Brazilian veteran Helio Castroneves has won his fourth Indy 500 in a stunning upset, the veteran and his Meyer Shank Racing upstaging the young next-generation after Castroneves was outed from Penske Racing.
Castroneves’ main challenger throughout was Ganassi Racing’s Alex Palau and Arrow McLaren SP’s Pato O’Ward. Castroneves and Palau in particular fought hard in the final few stints, trading the lead constantly as each tried to time their run just right. In the end, the race was decided in traffic as the leaders joined a train of lapped runners on the final lap.
For Kiwis Scott Dixon and Scott McLaughlin it was a race to forget. Both drivers showed plenty of pace and promise, running as high as first and eighth on corrected at one point. But, pit-lane dramas ruined each driver’s chances of a strong result. In the end Dixon limped to 17th, and McLaughlin 20th.
Dixon slipped to third for the bulk of the opening phase of the race, with Rinus Veekay and Colton Herta assuming the top two spots. The opening stanza was relatively sedate compared to recent Indy 500 events. McLaughlin had a relatively uneventful opening 25 laps, too, holding station in 16th … one spot up on his qualifying position.
Veekay peeled out of the lead to trigger the first wave of pit-stops on lap 32. A flurry of others stopped on the next lap, with one slightly dramatic pit stop for Ed Carpenter (the former 500 pole-sitter falling off his jacks prematurely) with a much more dramatic stop unfolding a lap later for British ace Stefan Wilson. The recent returnee locked up his tyres at pit entry, spinning into the outer wall at pit entry.
Wilson’s stricken car prompted the first safety car of the day, and forced those who had not yet stopped to sweat. Dixon was one of them, as was McLaughlin and a range of favourites. The concern was that they wouldn’t have enough fuel in the tank to complete the necessary laps under safety car while pit-lane was closed to tend to Wilson’s car. Sure enough, Dixon peeled off on lap 37 from the lead for some emergency fuel.

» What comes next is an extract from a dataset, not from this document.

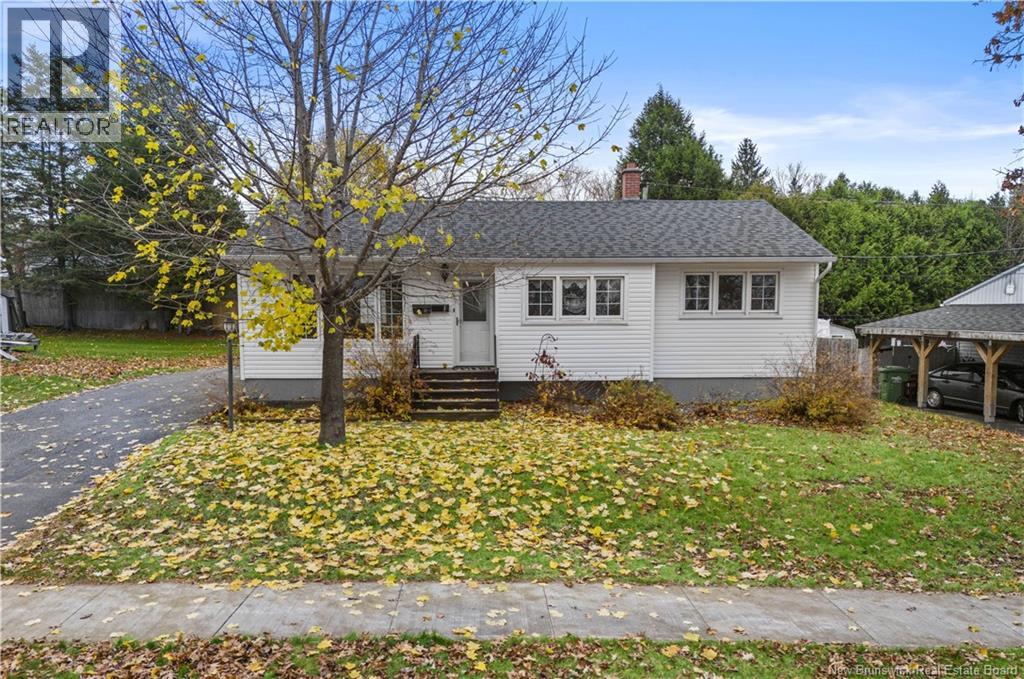 306 Cherry Avenue, Fredericton, New Brunswick  E3A 1Z5 - Photo 1 - NB129873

But the drama wasn’t over, Dixon’s car would not re-fire as other drivers with similar fuel problems processed their pit-stops and flew by the stationary Kiwi. Dixon was eventually able to move on, but not without losing a lap to the field but also with the need to make another pit-stop to get the fuel into the car the team had intended. Dixon, and Alexander Rossi who had almost exactly the same problem, wound up one lap behind the field.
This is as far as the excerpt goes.